August 18, 2014 Adam Buchholz

Sometimes workplace social events can get dragged down with a bad case of the "awkwards". There's a simple cure for this: wine. It’s one of history's great social lubricants. Esri Canada staff in Toronto recently sampled wine together, not to mention a selection of great food, at a recent social event on the green roof of our corporate headquarters in Toronto.

For centuries humans have been gathering to enjoy wine, food and good conversation. From Greece, to Egypt, to India and China, archaeologists have found evidence of wine production and consumption in ancient civilizations. If you're familiar with Greek mythology, you’ll know the Ancient Greeks had their very own god, Dionysus, who was responsible for grape harvest, wine and wine making—not to mention ritual madness and ecstasy, but let's park those pursuits for another post, shall we? The Ancient Egyptians had high regard for wine, too. So much so that pharaohs were entombed with the stuff so they’d have libations to share with guests in the afterlife (the ultimate “after party”?) And, according to the New York Times, Ancient Rome featured a wine bar on almost every street.

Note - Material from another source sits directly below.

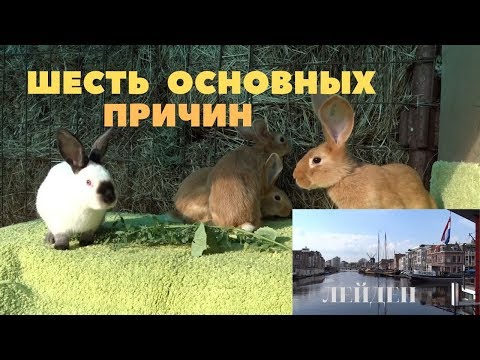 Видео: Почему не покрываются крольчихи/Крол не работает/Лейден Голландия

The most usual style of wine drinking cup in ancient Greece was a Kylix, a shallow two-handled bowl on a short stem. This Kylix from 530 BC depicts Dionysus, the Greek god of grape harvest, wine and wine making, crossing the sea. Photo courtesy of Carole Raddato.

Since ancient times, wine production and consumption has steadily spread throughout the globe. Grapes are being grown and harvested around the world, creating a vast selection of wine for dabblers and aficionados alike. (Tour these story maps that profile wine and wineries from around the world). Wine bars have been a familiar site in cities in Western culture for many years. Everyone these days seems to have an opinion about wine, don’t they? I’ve run into amateur sommeliers at kid’s birthday parties (“I think the buttery mouthfeel is at odds with the overpowering vanilla notes in this chardonnay. Ah, looks like Timmy got himself a Transformer.”) In short, we enjoy wine and we like to drink it together. In Canada, it’s estimated that per capita wine consumption is about 15 litres a year (don’t feel too guilty though—we’re well below France’s impressive per capita wine consumption average: 44 litres).

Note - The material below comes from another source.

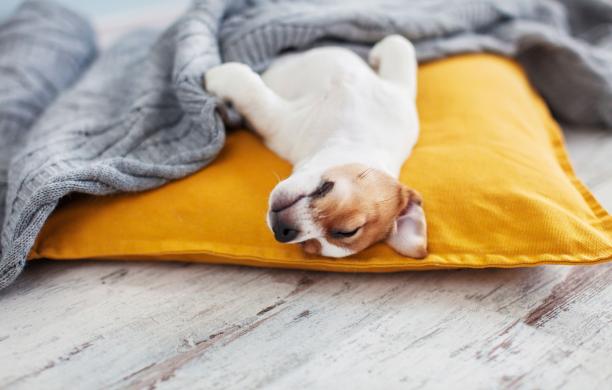 Brown and white puppy sleeping on a yellow pillow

And what is it about wine that we love so much? One reason might be best expressed by Benjamin Franklin, who once said: “Wine makes daily living easier, less hurried, with fewer tensions and more tolerance.” For me, Franklin’s idea isn’t just about wine on its own (well, not all the time anyway). It’s about the experience of drinking wine—the people you’re with, the food you’re sharing and the setting you’re enjoying together. It was within this context that I recently gathered with fellow colleagues on the patio of our Toronto office’s green roof to sample wine and food and unwind on an unseasonably cool August afternoon.

Esri Canada staff gather on the green roof at the company's Toronto office for its annual wine and cheese social event.

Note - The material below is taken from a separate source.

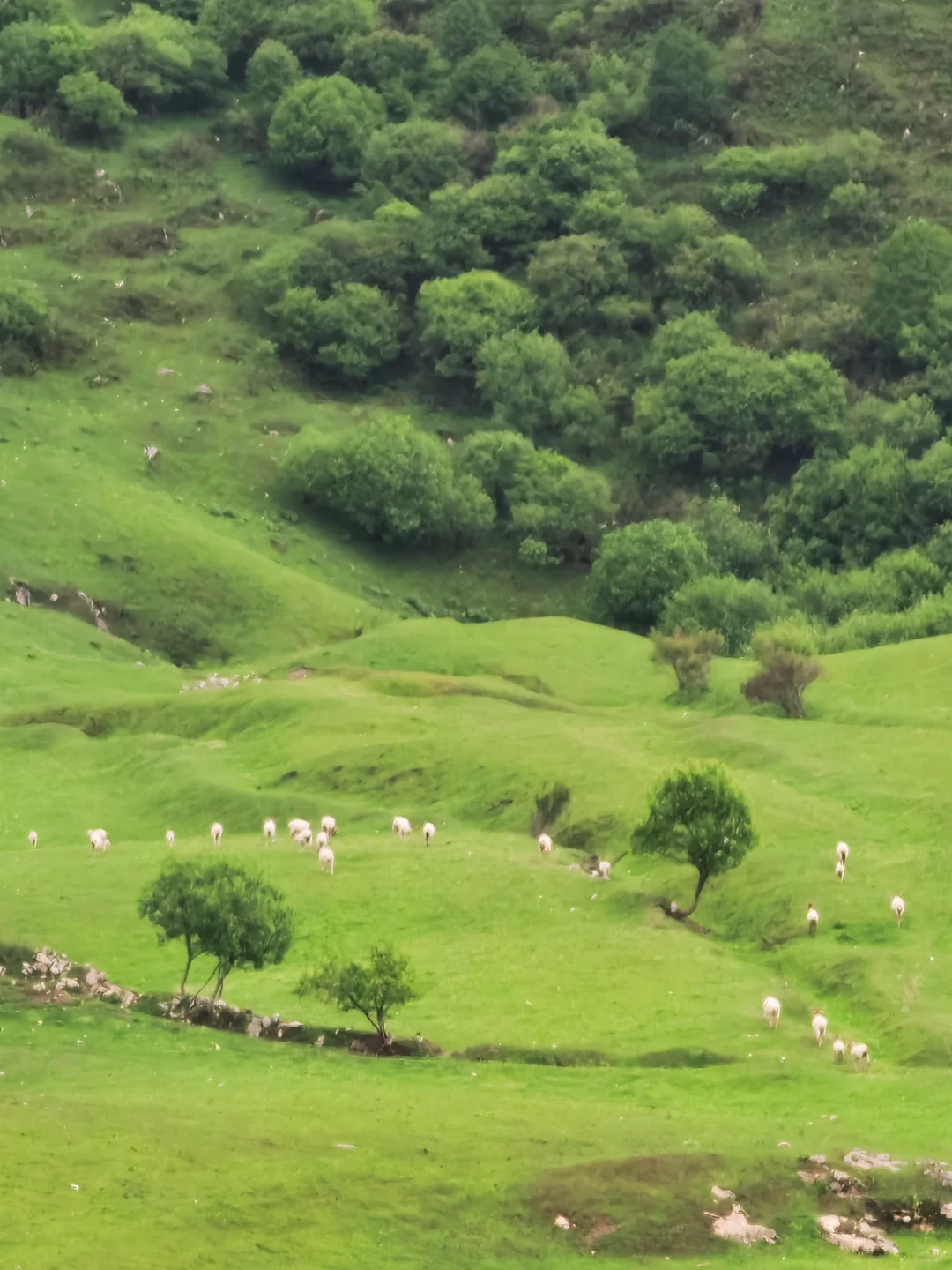 甘肃陇南，宝藏小城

Now an annual event, this year’s wine and cheese social featured wines from Italy and France, including a crisp pinot grigio (Casal Thaulero), a mellow merlot (Cesari Merlot delle Venezie) and a sprightly sauvignon blanc (Remy Pannier Sauvignon Blanc). Artisanal Canadian and imported cheeses were also served, along with a steady stream of tasty hors d’oeuvres, including Limoncello shrimp skewers, small Caesar salad cups and—perhaps the biggest hit—mouth-watering mini burgers.

One important feature of the wine and cheese location was the fact that the intimate patio area kept people close together, which gave the mid-afternoon gathering a tight-knit feel. It encouraged people to jump in and out of different conversations with colleagues that you don’t have occasion to speak with often.

This is, of course, the whole point of workplace social events: engaging people beyond the usual water cooler pleasantries and hand-washing small talk. With the common bond of food and drinks to help let our guards down a little, many of us got to experience a different side of that familiar face whose personality you’ve never had a chance to place. You could actually have a decent chat with someone, and not be interrupted by the ring of the phone or ding of an Outlook meeting alert. In the end, I think Benjamin Franklin’s words rang true: the experience did help me feel less hurried and tense… until I returned to my desk and checked my inbox.